Tom and Rita caught the virus in Australia where they have enough test kits to find these things out.


----------



## chic (Mar 11, 2020)

Betcha the baseball season goes too. And what about hockey? The PGA? It's a wise move. One of the NBA players tested positive for COVID-19 so it's a wise decision to suspend the season and protect others, while preventing this disease from spreading.


----------



## terry123 (Mar 11, 2020)

Was sorry to read about Tom and Rita.  They are a fav couple of mine!


----------



## Jim W. (Mar 11, 2020)

Life is like a box of chocolates.

You never what you're gonna get....


----------



## Ruth n Jersey (Mar 11, 2020)

I was sorry to hear that also. I think Tom is a diabetic I hope it won't cause problems.


----------



## win231 (Mar 11, 2020)

Ruth n Jersey said:


> I was sorry to hear that also. I think Tom is a diabetic I hope it won't cause problems.

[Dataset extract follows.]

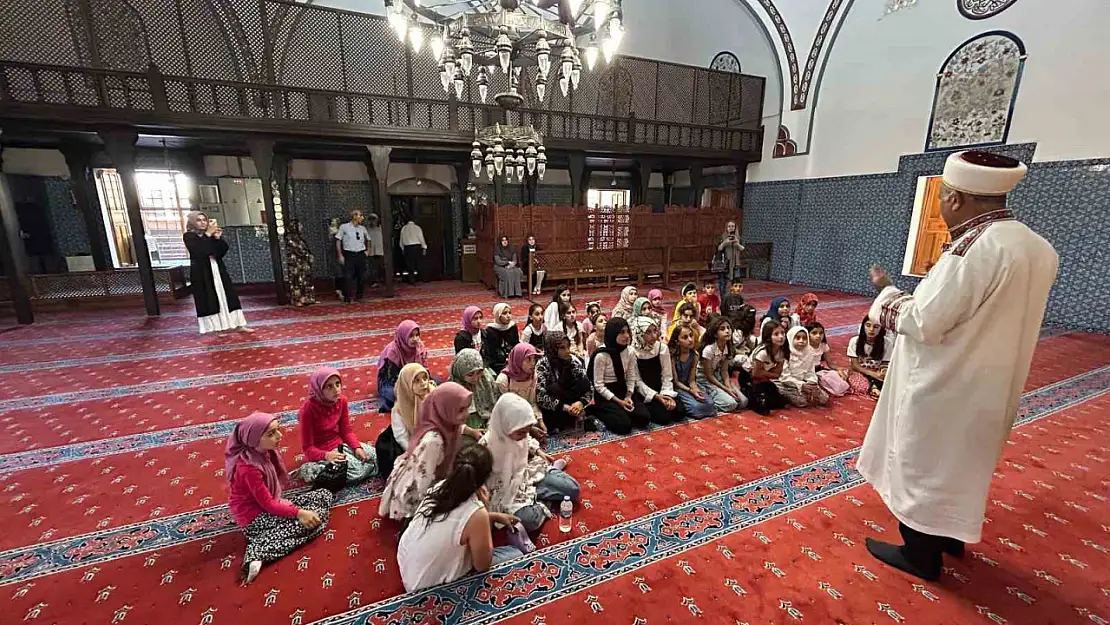 Kur'an Kursu Öğrencileri Hüsrev Paşa Camii'nin Ruhani Ortamında Buluştu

Probably not, unless he has other health issues.
I knew he was diabetic as soon as I saw "Cast Away."


----------



## Pepper (Mar 12, 2020)

win231 said:


> I knew he was diabetic as soon as I saw "Cast Away."


What tipped you off?


----------



## Judycat (Mar 12, 2020)

Mrs. Robinson said:


> his wife does as well. And the NBA has canceled the rest of the season. Crazy!


Don't worry. Tom and Rita will get top-notch care.


----------



## StarSong (Mar 12, 2020)

Judycat said:


> Don't worry. Tom and Rita will get top-notch care.


Even top-notch care is no guarantee.  That's the problem with this virus.


----------



## Pepper (Mar 12, 2020)

StarSong said:


> Even top-notch care is no guarantee.  That's the problem with this virus.


That's the problem for many diseases.  This one, we know so little about.


----------



## Jim W. (Mar 12, 2020)

Judycat said:


> Don't worry. Tom and Rita will get top-notch care.



Best that (a whole lot of) money can buy.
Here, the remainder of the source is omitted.